Celebration of Diversity Series Concludes Season with Marian Wright Edelman
Marian Wright Edelman, lifelong advocate for disadvantaged Americans and founder and president of the Children's Defense Fund, will speak at Clowes Memorial Hall on March 23 as part of Butler University's Celebration of Diversity Distinguished Lecture Series.
The event begins at 7:30 p.m. Admission is free and open to the public, but a ticket is required. Tickets are available at the Clowes box office, (317) 940-6444.
Under Edelman's leadership, CDF has become the nation’s strongest voice for children and families. She began her career in the mid-1960s when, as the first black woman admitted to the Mississippi Bar, she directed the NAACP Legal Defense and Educational Fund office in Jackson, Miss. In l968, she moved to Washington, D.C., as counsel for the Poor People’s Campaign that Dr. Martin Luther King, Jr. began organizing before his death.
She founded the Washington Research Project, a public interest law firm and the parent body of the Children's Defense Fund. For two years she served as the Director of the Center for Law and Education at Harvard University and in 1973 began CDF.
Her awards include the Albert Schweitzer Humanitarian Prize, the Heinz Award, and a MacArthur Foundation Prize Fellowship. In 2000, she received the Presidential Medal of Freedom, the nation’s highest civilian award, and the Robert F. Kennedy Lifetime Achievement Award for her writings, which include eight books.
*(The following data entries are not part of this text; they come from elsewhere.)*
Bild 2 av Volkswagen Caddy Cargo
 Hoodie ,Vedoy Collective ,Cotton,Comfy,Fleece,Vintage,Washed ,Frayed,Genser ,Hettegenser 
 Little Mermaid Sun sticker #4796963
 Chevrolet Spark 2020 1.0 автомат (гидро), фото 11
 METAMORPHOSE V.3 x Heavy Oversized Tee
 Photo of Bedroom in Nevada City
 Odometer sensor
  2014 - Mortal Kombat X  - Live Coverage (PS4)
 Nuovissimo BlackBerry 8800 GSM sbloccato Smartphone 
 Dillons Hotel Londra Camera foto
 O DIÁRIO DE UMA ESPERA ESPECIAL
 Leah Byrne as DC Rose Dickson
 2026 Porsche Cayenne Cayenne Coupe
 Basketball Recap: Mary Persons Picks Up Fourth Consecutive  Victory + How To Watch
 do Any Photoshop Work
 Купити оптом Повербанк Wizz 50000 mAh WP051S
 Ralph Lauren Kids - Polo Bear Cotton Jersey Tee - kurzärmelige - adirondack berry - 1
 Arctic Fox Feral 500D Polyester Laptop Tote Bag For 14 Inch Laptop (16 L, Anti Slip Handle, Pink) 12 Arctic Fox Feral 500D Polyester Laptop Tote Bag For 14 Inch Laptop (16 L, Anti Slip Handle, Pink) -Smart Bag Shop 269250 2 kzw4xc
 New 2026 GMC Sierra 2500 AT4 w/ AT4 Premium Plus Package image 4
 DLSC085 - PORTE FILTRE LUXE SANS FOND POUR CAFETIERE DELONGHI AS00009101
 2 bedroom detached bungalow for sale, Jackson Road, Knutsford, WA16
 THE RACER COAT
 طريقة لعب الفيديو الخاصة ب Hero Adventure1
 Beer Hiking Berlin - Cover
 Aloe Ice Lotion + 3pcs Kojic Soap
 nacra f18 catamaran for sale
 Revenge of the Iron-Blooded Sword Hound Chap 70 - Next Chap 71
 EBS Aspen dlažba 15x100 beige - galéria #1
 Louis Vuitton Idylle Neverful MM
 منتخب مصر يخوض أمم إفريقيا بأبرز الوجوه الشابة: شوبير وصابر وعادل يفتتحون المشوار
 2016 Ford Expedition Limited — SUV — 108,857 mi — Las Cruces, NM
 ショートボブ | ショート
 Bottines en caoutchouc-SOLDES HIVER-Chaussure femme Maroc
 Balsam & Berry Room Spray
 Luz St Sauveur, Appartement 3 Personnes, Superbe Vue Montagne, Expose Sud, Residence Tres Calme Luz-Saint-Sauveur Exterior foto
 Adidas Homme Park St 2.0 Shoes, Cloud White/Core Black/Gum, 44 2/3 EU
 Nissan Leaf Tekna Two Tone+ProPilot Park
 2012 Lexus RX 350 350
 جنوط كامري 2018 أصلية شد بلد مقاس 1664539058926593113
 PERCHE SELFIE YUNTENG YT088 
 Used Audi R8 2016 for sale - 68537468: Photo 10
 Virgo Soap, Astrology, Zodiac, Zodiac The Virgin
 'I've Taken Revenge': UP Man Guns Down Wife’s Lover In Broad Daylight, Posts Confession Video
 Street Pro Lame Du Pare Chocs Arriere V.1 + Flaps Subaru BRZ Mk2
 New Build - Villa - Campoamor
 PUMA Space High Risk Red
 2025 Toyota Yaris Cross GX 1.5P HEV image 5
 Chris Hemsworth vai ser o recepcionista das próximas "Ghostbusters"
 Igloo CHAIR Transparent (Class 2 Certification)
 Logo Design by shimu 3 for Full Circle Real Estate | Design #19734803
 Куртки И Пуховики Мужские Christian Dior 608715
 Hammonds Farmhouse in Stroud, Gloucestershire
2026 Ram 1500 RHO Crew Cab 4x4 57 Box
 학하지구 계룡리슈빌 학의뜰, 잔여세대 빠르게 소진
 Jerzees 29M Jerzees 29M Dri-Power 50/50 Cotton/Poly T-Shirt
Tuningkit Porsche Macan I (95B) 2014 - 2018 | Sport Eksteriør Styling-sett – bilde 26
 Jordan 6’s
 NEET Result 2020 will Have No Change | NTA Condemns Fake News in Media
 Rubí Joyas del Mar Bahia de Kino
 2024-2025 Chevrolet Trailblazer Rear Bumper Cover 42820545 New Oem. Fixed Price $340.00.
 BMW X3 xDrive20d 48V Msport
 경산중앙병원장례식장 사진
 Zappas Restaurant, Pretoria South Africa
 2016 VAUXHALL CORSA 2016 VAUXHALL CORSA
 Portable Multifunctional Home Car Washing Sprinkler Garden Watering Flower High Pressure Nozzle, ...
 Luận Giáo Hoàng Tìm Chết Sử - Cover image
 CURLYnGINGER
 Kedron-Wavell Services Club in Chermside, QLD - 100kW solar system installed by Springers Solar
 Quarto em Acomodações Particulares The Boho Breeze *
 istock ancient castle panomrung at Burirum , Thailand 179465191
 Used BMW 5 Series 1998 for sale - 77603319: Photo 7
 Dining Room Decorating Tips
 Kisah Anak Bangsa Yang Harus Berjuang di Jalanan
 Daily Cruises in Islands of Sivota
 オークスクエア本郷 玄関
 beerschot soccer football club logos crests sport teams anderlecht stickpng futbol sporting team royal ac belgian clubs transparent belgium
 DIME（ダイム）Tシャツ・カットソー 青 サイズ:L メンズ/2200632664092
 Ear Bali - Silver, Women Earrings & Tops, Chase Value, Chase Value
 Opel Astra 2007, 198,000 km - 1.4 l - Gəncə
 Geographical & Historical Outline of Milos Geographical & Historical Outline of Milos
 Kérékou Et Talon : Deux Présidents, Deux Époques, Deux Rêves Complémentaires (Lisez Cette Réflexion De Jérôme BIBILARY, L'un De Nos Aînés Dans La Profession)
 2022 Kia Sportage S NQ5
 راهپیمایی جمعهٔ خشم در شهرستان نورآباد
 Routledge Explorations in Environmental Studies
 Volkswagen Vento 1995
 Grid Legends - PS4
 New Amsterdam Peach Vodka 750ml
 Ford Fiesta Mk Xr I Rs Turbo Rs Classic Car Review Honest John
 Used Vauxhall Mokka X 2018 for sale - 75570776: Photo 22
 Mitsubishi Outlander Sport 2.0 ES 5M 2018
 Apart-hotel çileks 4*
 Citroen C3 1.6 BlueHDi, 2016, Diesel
The Celebration of Diversity Distinguished Lecture Series is a collaborative diversity initiative between Butler University and the Office of the Mayor of Indianapolis, with generous support from the Eli Lilly and Company Foundation, Allison Transmission, Anthem Blue Cross and Blue Shield, Vectren Corporation, Indianapolis Power & Light Company, Citizens Energy Group, Old National Bank, The Columbia Club and Radio One.